Disneyfreund schrieb:


> .. was die Lebenserwartung der Park-Besucher stark reduziert.



Das ist aber sehr nett ausgedrückt. 
Ah ich freu mich drauf.


----------



## Rinkadink (7. September 2015)

und am ende des filmes fragt man sich dann, wer einem diese verlorenen 124 Minuten zurück gibt.......


----------



## shadie (7. September 2015)

Rinkadink schrieb:


> und am ende des filmes fragt man sich dann, wer einem diese verlorenen 124 Minuten zurück gibt.......



So übel fand ich den jetzt nicht.
Zum Schluss wurde etwas arg dick aufgetragen (so wie in jedem neuen Blockbuster.....das nervt mich auch sehr) aber ansonsten fand ich den Film ok.

Kommt natürlich nicht an die Vorgänger ran aber bei der aktuellen Filmqualität (Transformers, wurden ja auch komplett versaut), war ich nach dem FIlm doch "zufrieden".


----------



## Threshold (7. September 2015)

Na ja, ich fand den dritten Teil schlechter.


----------



## MATRIX KILLER (7. September 2015)

Ich fand den 3 Teil auch nicht so dolle.


----------



## Dr Bakterius (7. September 2015)

Ab Teil 3 ging es nur noch in den Keller.
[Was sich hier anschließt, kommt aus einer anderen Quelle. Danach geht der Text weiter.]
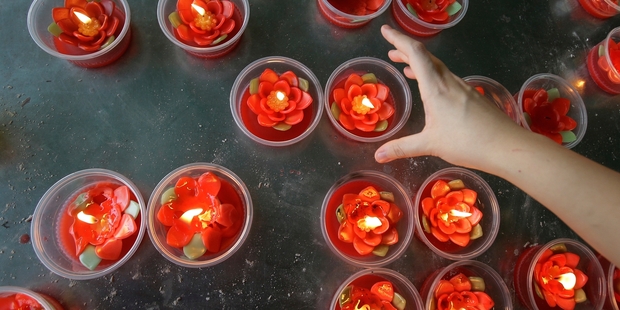Ethnic Chinese Thais place candles in a Bangkok temple. Photo / AP
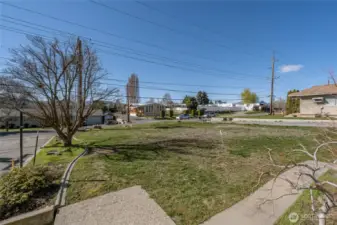 Looking from front steps to street and neighborhood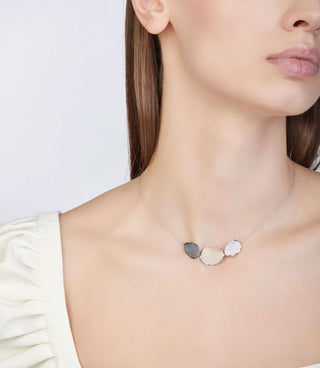 Necklace with three circular pendants on a plain background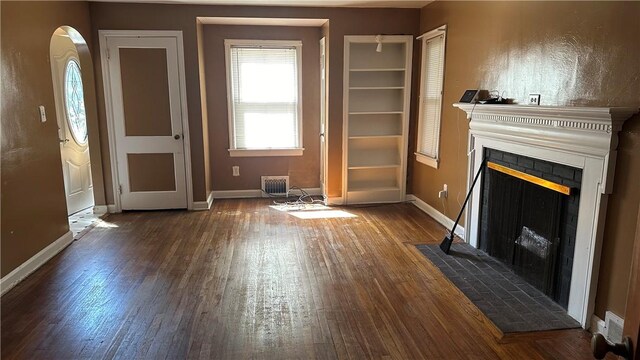 unfurnished living room featuring dark hardwood / wood-style flooring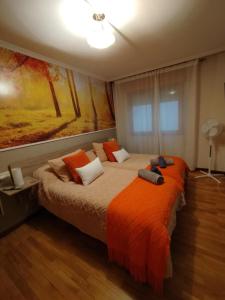 a bedroom with a large bed with an orange blanket at Domus Redes in Pola de Laviana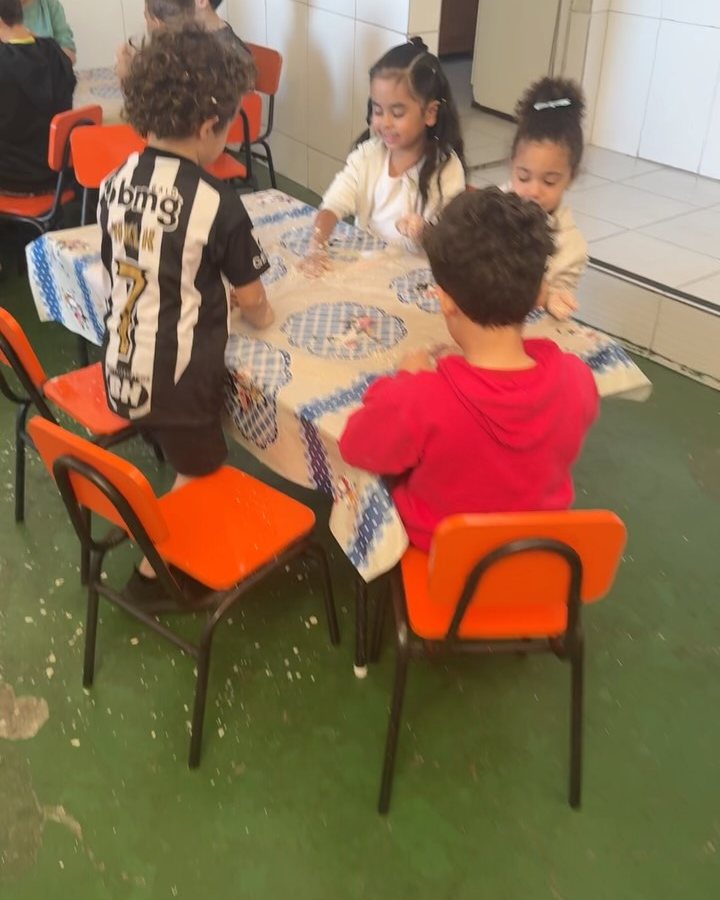 Alunos sentados às mesinhas em atividade de grupo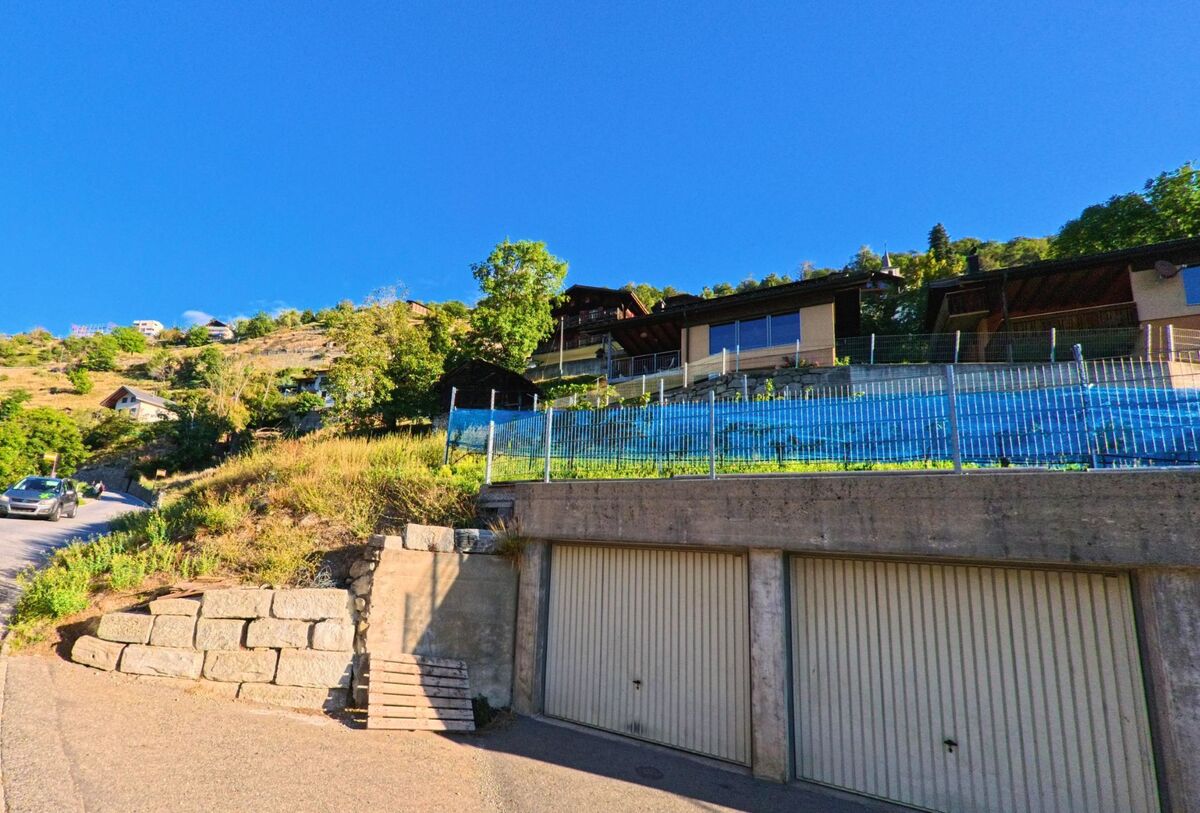 In Eggerberg (3939, Kanton Wallis) sind mehrere Wohnhaeuser am Hang gebaut, vor denen eine Reihe von Garagen und eine steile Strasse verlaufen.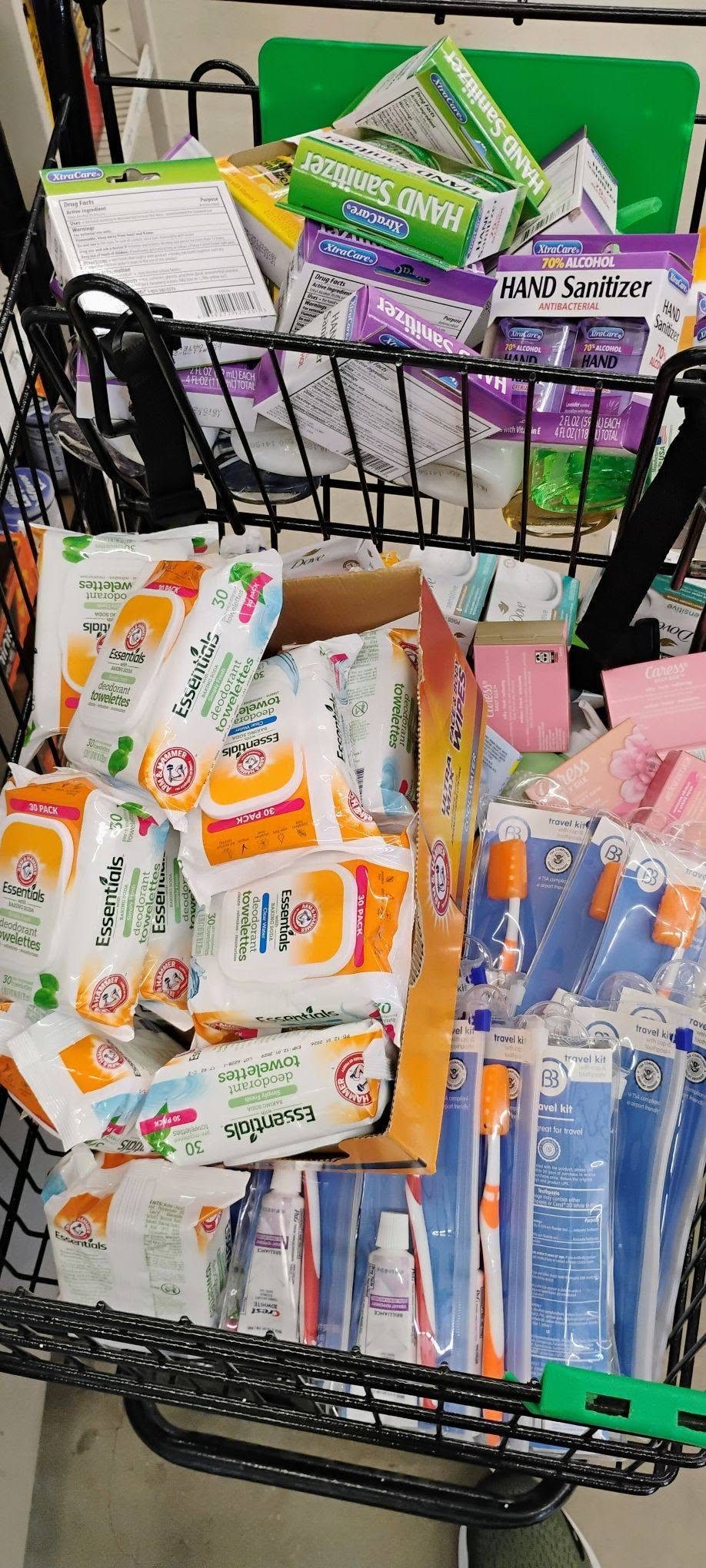 A shopping cart loaded with hand sanitizer, deodorant, toothpaste and wipes bound for a Gary, Indiana senior living facility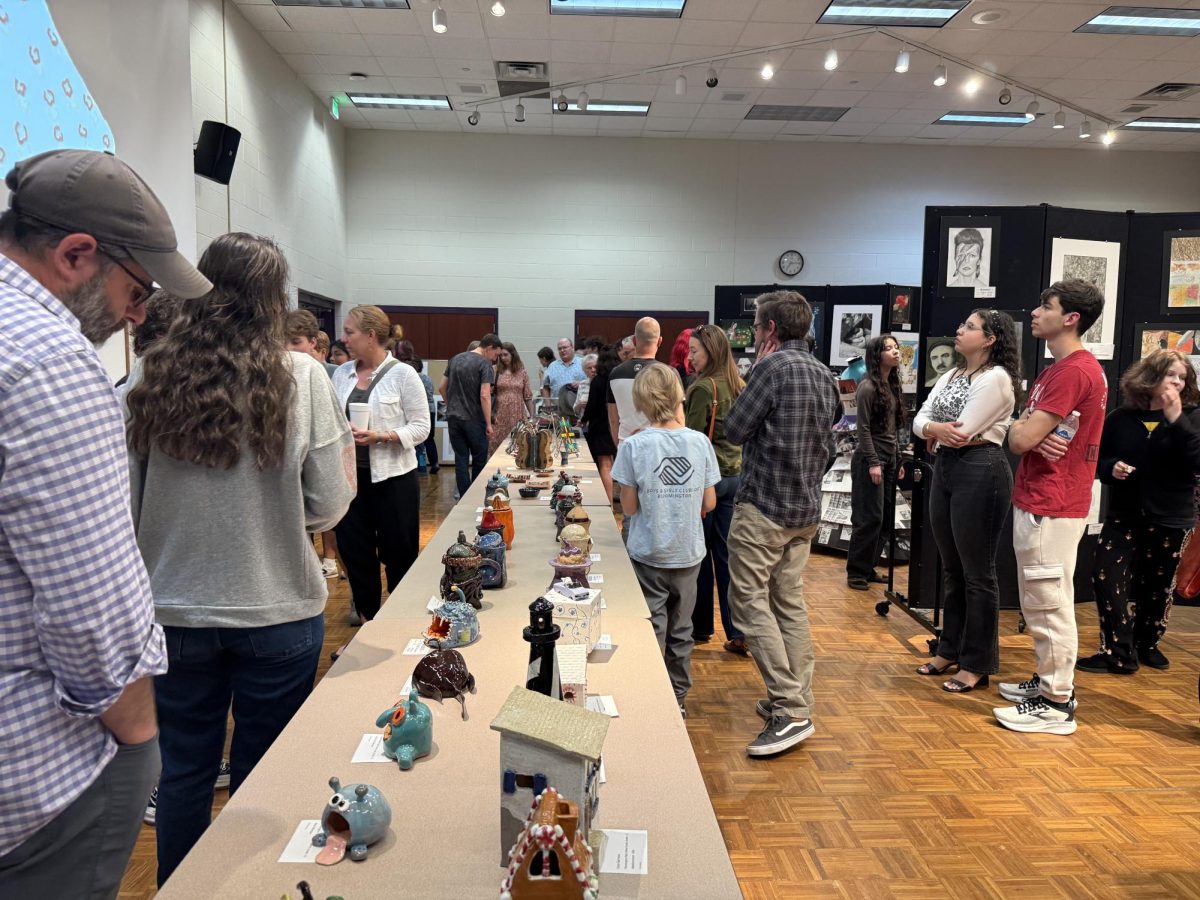 Visitors peruse student artwork at Fine Arts night on April 22.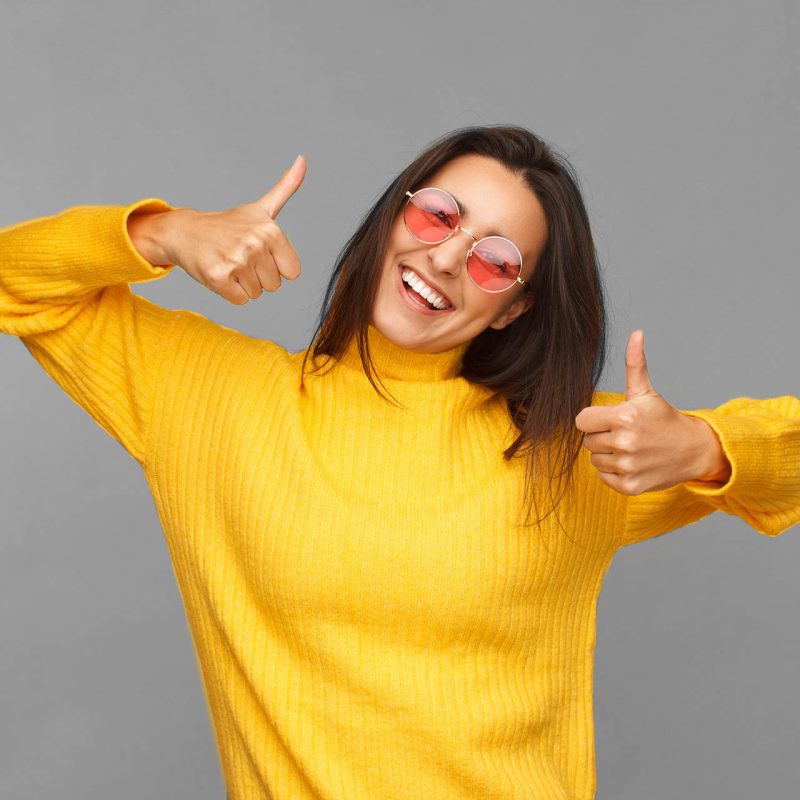A girl with her thumbs up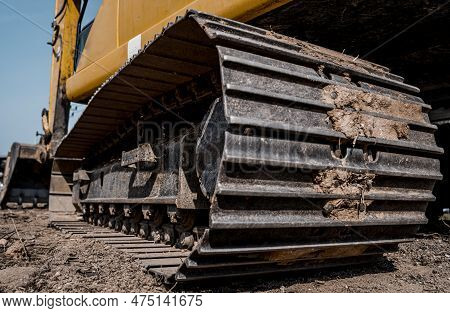 Excavator With Shovel Digs The Ground For The Foundation At Constuction Area.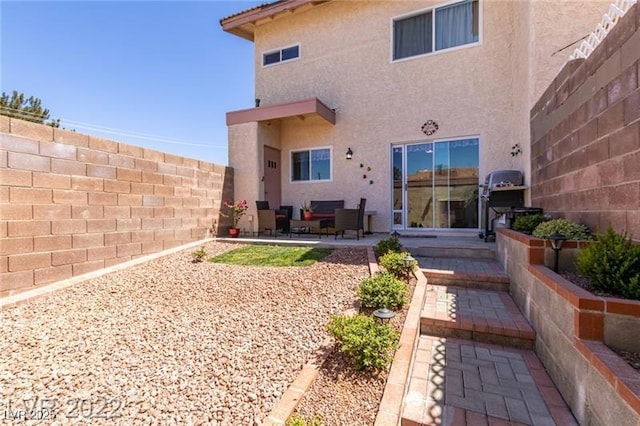 3393 Narod St, Las Vegas, NV 89121 - back of house with stucco siding and a patio area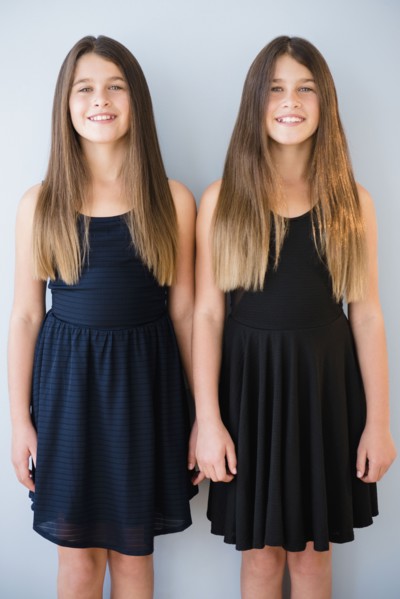Caucasian twin sisters wearing dresses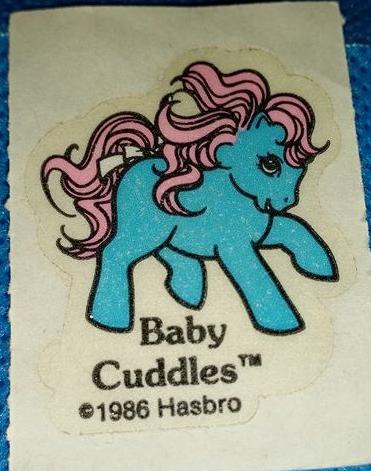 File:Baby Cuddles BBE sticker.jpg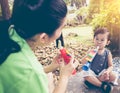 Asian mother playing plastic trumpet pipe with her daughter. Vintage tone. Royalty Free Stock Photo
Ich tue mich schwer das neuste Machwerk in die Netzhaut zu brennen.


----------



## mhmdoch (1. November 2015)

Fand den Film mega dumm. Vor allem die Stelle wo der Typ mit dem Moped seine Velos im Wald begleitet. Er fährt da zwischen denen her, als ob der Waldboden ne Autobahn ist.


----------



## Hänschen (2. November 2015)

Der FIlm geht zumindest beim ersten Mal gucken sehr gut, mal schauen obs beim zweiten Mal anschauen noch gut ist


----------